The whole length of the mitochondrial genome from the Xylota coquilletti (GenBank no. MZ905457) was 15,920 bp, which included 40.5% A, 39.6% T, 11.7% C, and 8.2% G. In other words, the percentage of A + T (80.1%) was much greater than C + G (19.9%), revealing that the genome exhibited significant A/T bias. The mitochondrial genome was made of 22 transfer RNA genes (tRNAs), two ribosomal RNA genes (rRNAs), 13 protein-coding genes (PCGs), and a control region (CR). Most PCGs regarded the ATN putative as the start codon (five ATG, four ATT, and one ATA) except COXI, nad1, and nad5. They were started with CGA, TTG, and GTG, respectively. Besides, most PCGs regarded TAA as the termination codon except nad5, which was stopped with incomplete termination codon T. For tRNA genes, the length of the 22 genes was about 63–72 bp. The secondary structure of tRNA was a typical cloverleaf structure, except trnD and trnS1. In terms of two rRNA genes, the 16S rRNA was 1339 bp, which was placed between trnL1 and trnV. The 12S rRNA was placed between trnV and the CR with a length of 786 bp. The length of CR was 1016 bp and it was placed between 12SrRNA and trnI. According to the whole genome, there was no gene rearrangement.

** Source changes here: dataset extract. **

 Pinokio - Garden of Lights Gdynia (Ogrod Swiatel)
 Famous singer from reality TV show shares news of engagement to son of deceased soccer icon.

In order to estimate the phylogenetic position of X. coquilletti, the mitochondrial DNA sequences of the other 28 Syrphidae species (25 Eristalinae as ingroup and three Syrphinae as outgroup) were selected from the GenBank database to further define the relationship within Eristalinae. All the PCGs of the 29 species data were aligned by multiple alignments using MAFFT 7 plugin in PhyloSuite 1.2.2 (Zhang et al. 2020). The gaps and the ambiguous sites were removed using the Gblocks plugin in PhyloSuite 1.2.2 (Zhang et al. 2020). The aligned PCGs data of the different species were concatenated using concatenate sequence plugin in PhyloSuite 1.2.2 (Zhang et al. 2020) and the best-fit substitution model for phylogenetic analyses was determined using PartitionFinder 2.7 plugin in PhyloSuite 1.2.2 (Zhang et al. 2020). The maximum-likelihood tree was established by MEGA X (Kumar et al. 2018) based on 13 PCGs (Figure 1). It showed that Eristalinae could be divided into six major clades: Eristalini, Milesiini, Volucellini, Chrysogasterini, Cheilosiini, and Xylotini. Eristalinae was monophyletic, which was consistent with the previous report (2003). Besides, each tribe was also monophyletic. It is revealed in Figure 1 that X. coquilletti (Xylotini) should be regarded as a sister to Ferdinadea cupera (Rhingiini). In this research, essential fundamental data to understand the phylogenetic relationships among major lineages of the subfamily was provided.

Figure 1.

ML consensus tree for Xylota coquilletti and Eristalinae based on concatenated 13 PCGs using maximum-likelihood (ML). Numbers at the nodes represent bootstrap support values based on 1000 replicates and indicate the new sequence in this study.